0
votes

I'm learning about Java Akka streams and using https://doc.akka.io/docs/akka/current/stream/stream-flows-and-basics.html have defined the following:

import java.util.Arrays;
import java.util.List;
import java.util.concurrent.CompletionStage;
import java.util.concurrent.ExecutionException;

public class SourceExample {

    static ActorSystem system = ActorSystem.create("SourceExample");

    public static void main(String args[]) throws ExecutionException, InterruptedException {

        final List<Integer> sourceData = Arrays.asList(1, 2, 3, 4, 5, 6, 7, 8, 9, 10);

        final Source<Integer, NotUsed> source =
                Source.from(sourceData);
        final Sink<Integer, CompletionStage<Integer>> sink =
                Sink.<Integer, Integer>fold(0, (agg, next) -> agg + next);

        final CompletionStage<Integer> sum = source.runWith(sink, system);

        System.out.println(sum.toCompletableFuture().get());
    }

}

Running this code behaves as expected.

Is the problem Akka Streams is resolving that this code can be executed repeatedly.

In a real-world scenario, sourceData will not be static, does Akka Streams have an opinion as to how changing data should be handled or is it determined by the developer?

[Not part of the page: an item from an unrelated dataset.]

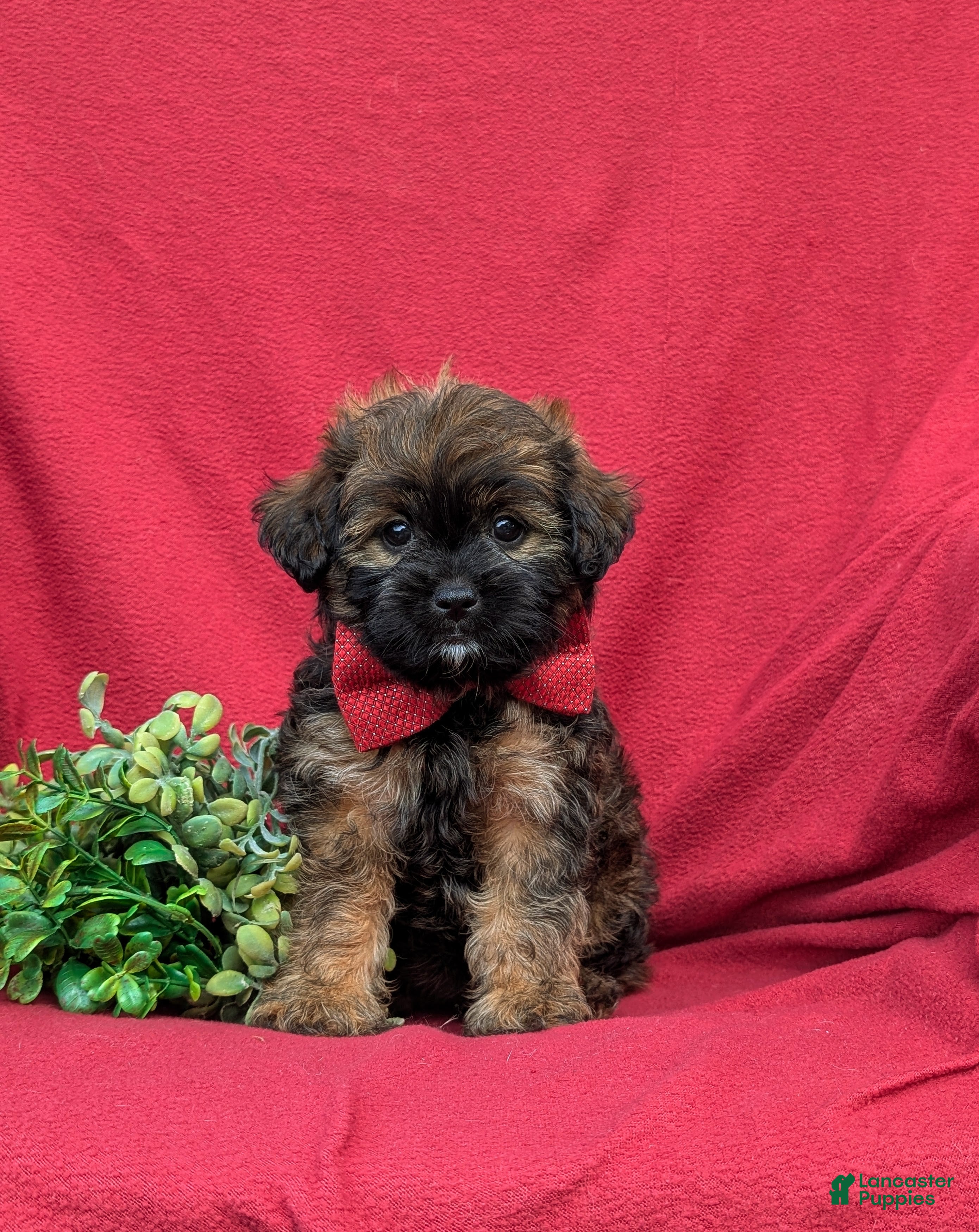 Shihpoo dogs Cole Hypoallergenic - Ad 2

In the simplest case just re-execute the streaming Flow every X minutes (using a scheduled Task for example) when the source data changes. Or are Akka streams long-lived, the source data changes and the stream computations are re-executed according to some parameters?

The Akka Streams documentation defines multiple sources of data but I don't understand how Akka Streams should be utilised to handle changing source data.

1

1 Answers

2
votes

Akka Streams can, and often do, run until (shortly before) your app stops. For instance, it's common to have a stream consuming (e.g. using a Kafka consumer source from Alpakka Kafka) Kafka records start very early in an app and not stop until the app is killed.

To elaborate, a stream runs until such time as:

  • a stage signals completion (e.g. in your example, Source.from would signal completion after emitting 10)
  • a stage fails (typically throwing an exception)

An example source that's useful for dynamic data (without introducing Alpakka or Akka HTTP) is Source.queue which materializes as a queue for which enqueued elements become available to the stream.